'Motel' Vacancies



'Motel' Vacancies

Washington Post, The (DC) - October 25, 1980

Author: Gary Arnold

If a straightforward approach fails, rejection can sometimes be finessed by pretending that you were just kidding.

In show business, this subterfuge comes in handy when a show seems miscalculated or dumbfounding. The obvious explanation is that it's really a deadpan parody, intended to satirize the genre it appeared to be imitating so poorly.

"Motel Hell" has been preceded by rumors that it should be perceived not so much as a straight horror thriller but as a tongue-in-cheek spoof of horror thrillers. The evidence suggests that this interpretation grew out of the good old if-it-doesn't-play-as-a-drama-maybe-they'll-buy-it-as-a-comedy dodge.

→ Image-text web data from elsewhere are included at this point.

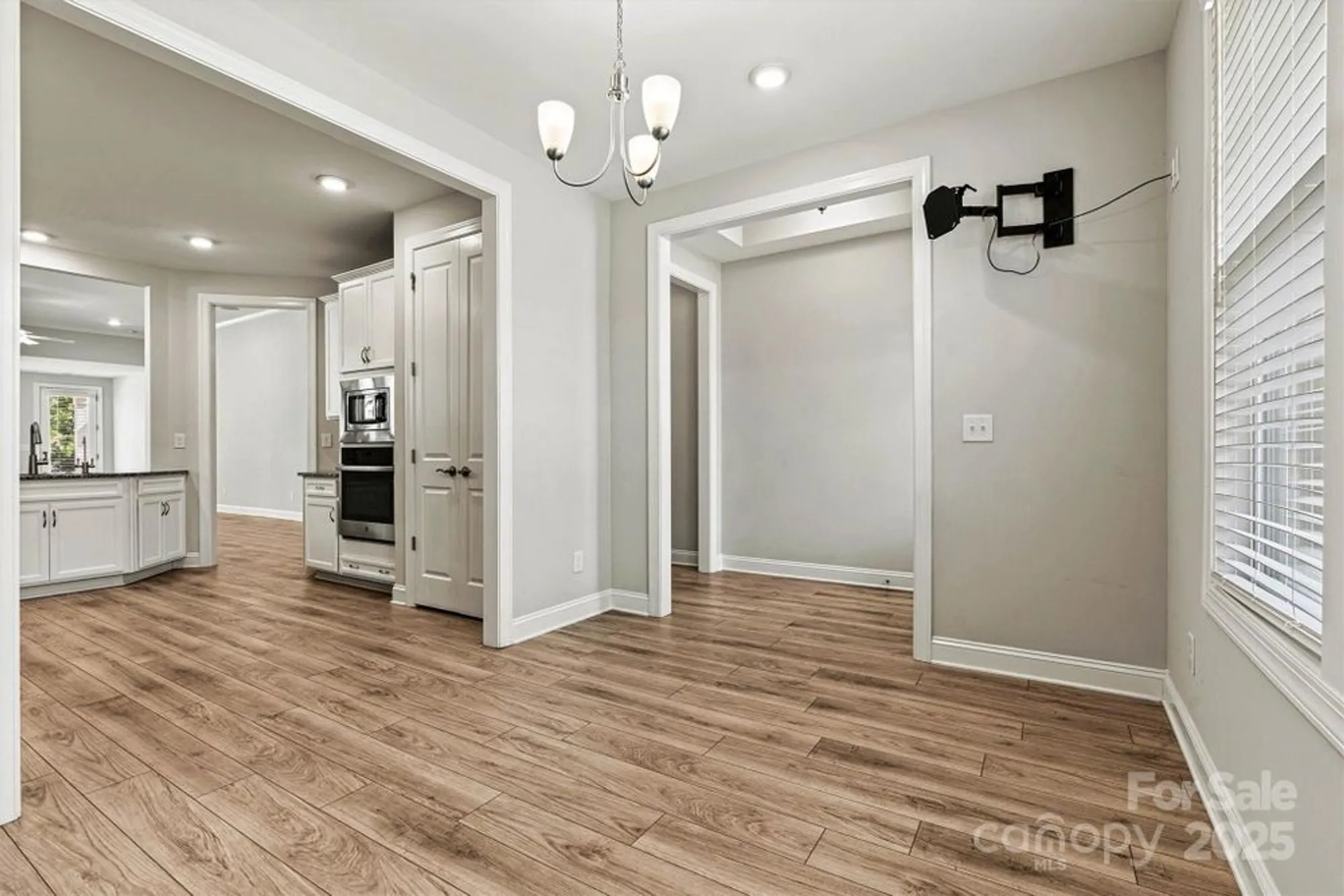 Property Slideshow image 8 of 47 | 7315 surprise ct, Charlotte, NC, 28215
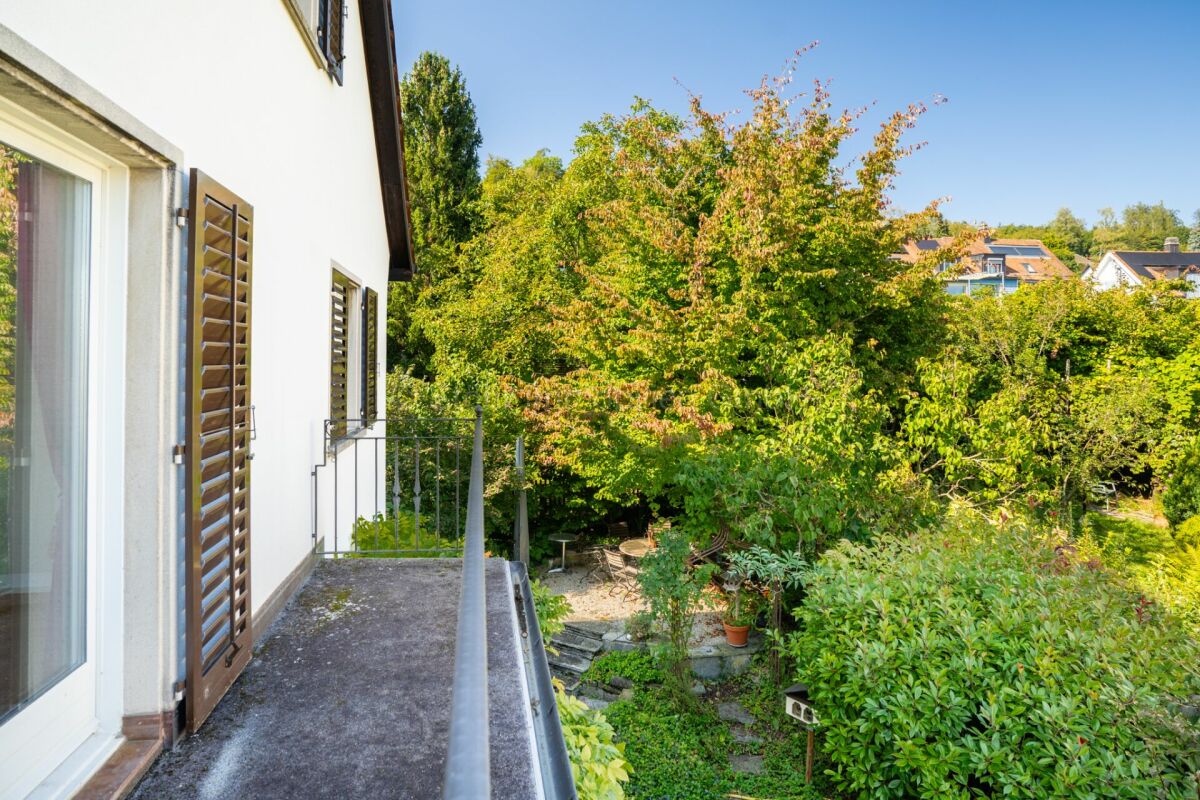 Balkon mit Gartenblick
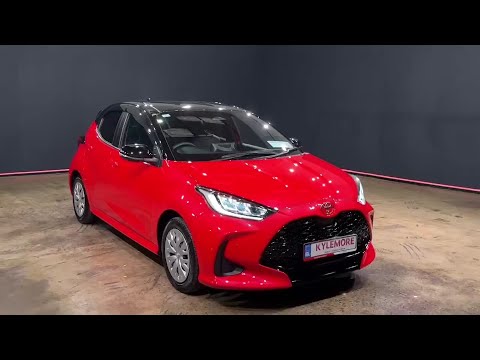 Toyota Yaris 1.5 - Image 2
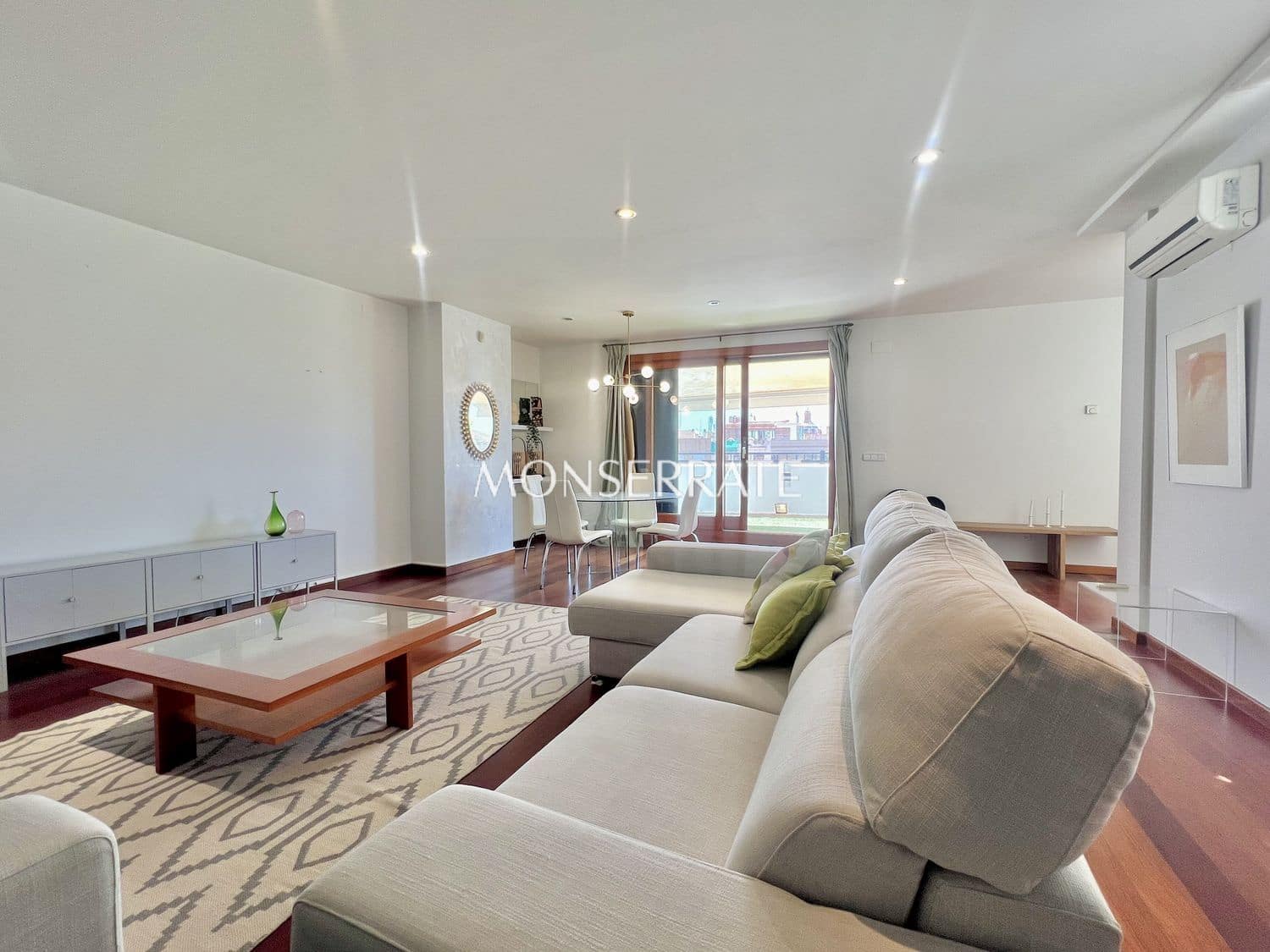 2 bedroom Apartment for rent in Valencia city with garage - € 4,500 (Ref: 9130253)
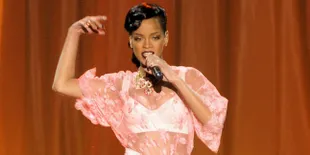 Congrats! Fanpage Facebook Rihanna Jaring 80 Juta Like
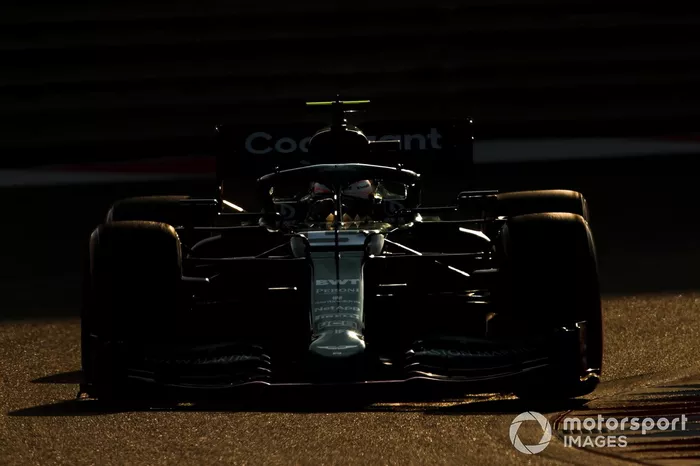 Sebastian Vettel, Aston Martin AMR21 adaptado (muleto) con los Pirelli de 18 pulgadas 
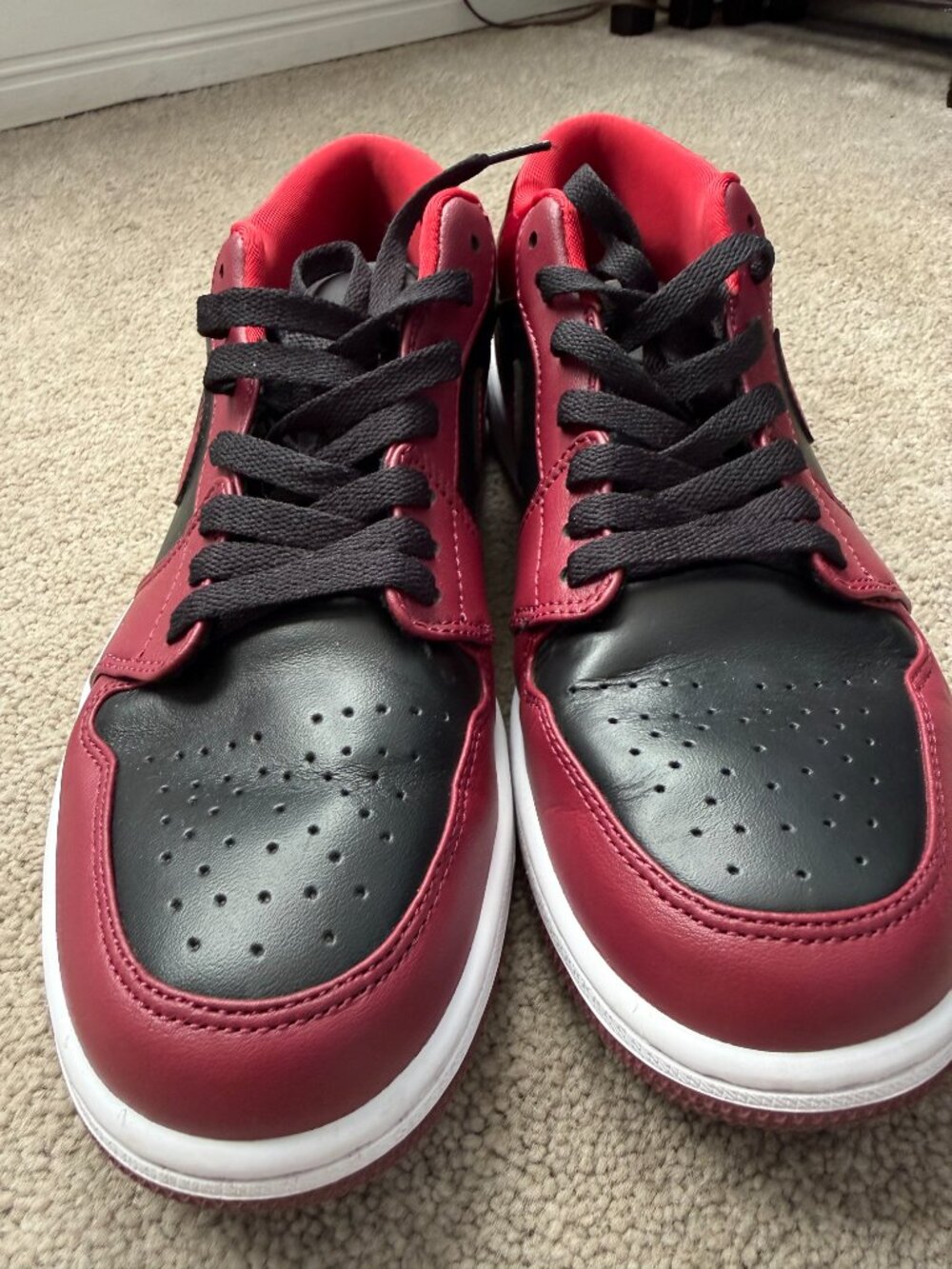 AIR JORDAN 1 LO WMNS "Dark Beetroot"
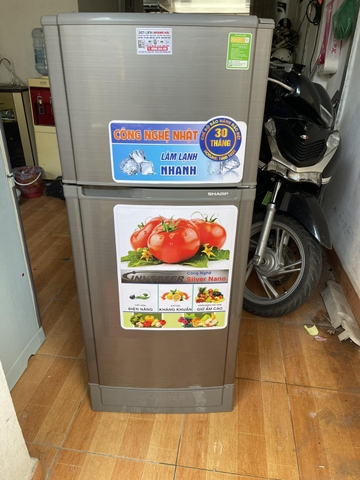 TỦ LẠNH SHARP 178L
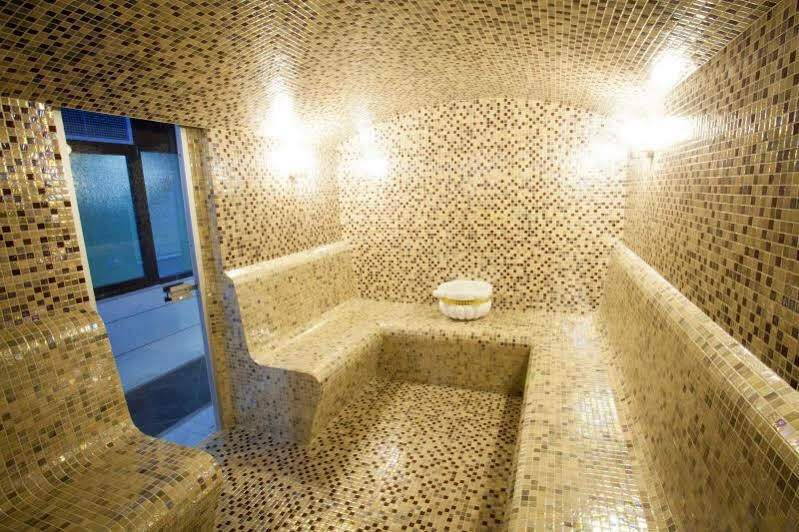 Emerald Suite Hotel Bakoe Buitenkant foto
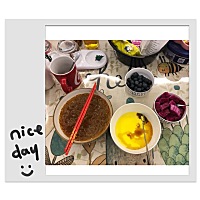 今天买了鸡妈妈家的笨鸡蛋，在手机上下载了做菜软件，学习了蒸鸡蛋。非常成功！希望以后会做更多健康美...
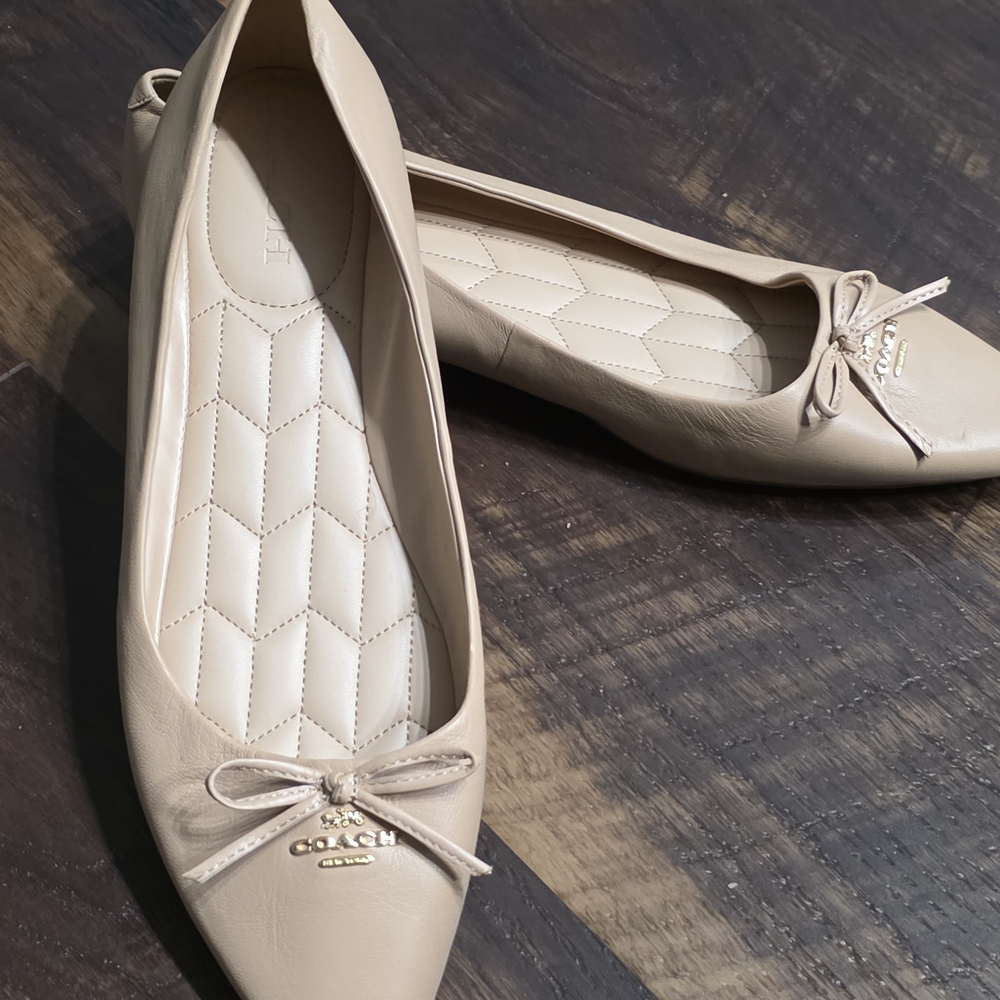 Coach Nude Leather Ballet Flats with Bow and Gold Logo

The most perfunctory and least imaginative of the recent cycle of horror melodramas, "Motel Hell" may be credited with a fleeting wry touch, but it wears out its welcome by running a minimum of ghoulish stunts into the ground. The title refers to an out-of-the-way hostelry called the Motel Hello; the final letter on the neon sign begins. The owner, Farmer Vincent (Rory Calhoun, now gaunt and white-haired) is a cheerful psycho who uses his motel as a front for a subsidiary enterprise: the preparation of hickory-smoked meats whose savory fame has spread across the nation.

Farmer Vincent's wicked secret is that he not only slaughters the porkers one sees on the property but also lays traps for unwary motorists and visitors, who are planted in a secluded little garden before being butchered and processed into sticks of beef jerky. Farmer Vincent is assisted in his outrages by a stout, malign kid sister, played by Nancy Parsons. They have a kid brother -- a deputy sheriff played by Paul Linke -- who is ignorant of the foul commerce. However, Farmer Vincent sows the seeds of his destruction by taking a fancy to a potential victim, Nina Axelrod, whose ingenuous charms also attract his straight-arrow sibling.

If memory serves, the cannibalistic premise of "Motel Hell" was a staple of "Alfred Hitchcock Presents." Maybe kids will be able to respond to it as a chilling, diabolical novelty, but it seems to me that writers Robert and Steven-Charles Jaffe (the sons of executive producer Herb Jaffe, evidently helping to Get the Boys Started) fail to dust off an accumulation of expository cobwebs or rearrange the creepy furnishings in any fresh or witty manner.

Farmer Vincent's rationale for his homicides is awfully flat -- he claims to be increasing the food supply while reducing the excess population -- and so is much of the picture. There are effectively grisly situations, like the garden of victims with their heads sticking out of the ground, struggling to cry out despite slashed vocal cords, or the dueling chain saws showdown between Farmer Vincent and his brother. However, the longer such spectacles remain in view -- and this movie has a bad habit of stringing everything out -- the more questions they raise and the less sensational they appear.

For example, if planting the live victims is meant to serve a purpose in the hickory-smoking process, it's never explained. The Jaffes haven't thought out the illustrative details contrived around the cannibalism gimmick.

Arbitrary and prosaic, "Motel Hell" conspicuously lacks the satiric logic that helped rationalize the weird, wacko killings in early Roger Corman diversions like "Little Shop of Horrors" and "Bucket of Blood." Not even the motel seems integral to "Motel Hell" when all is bled and done.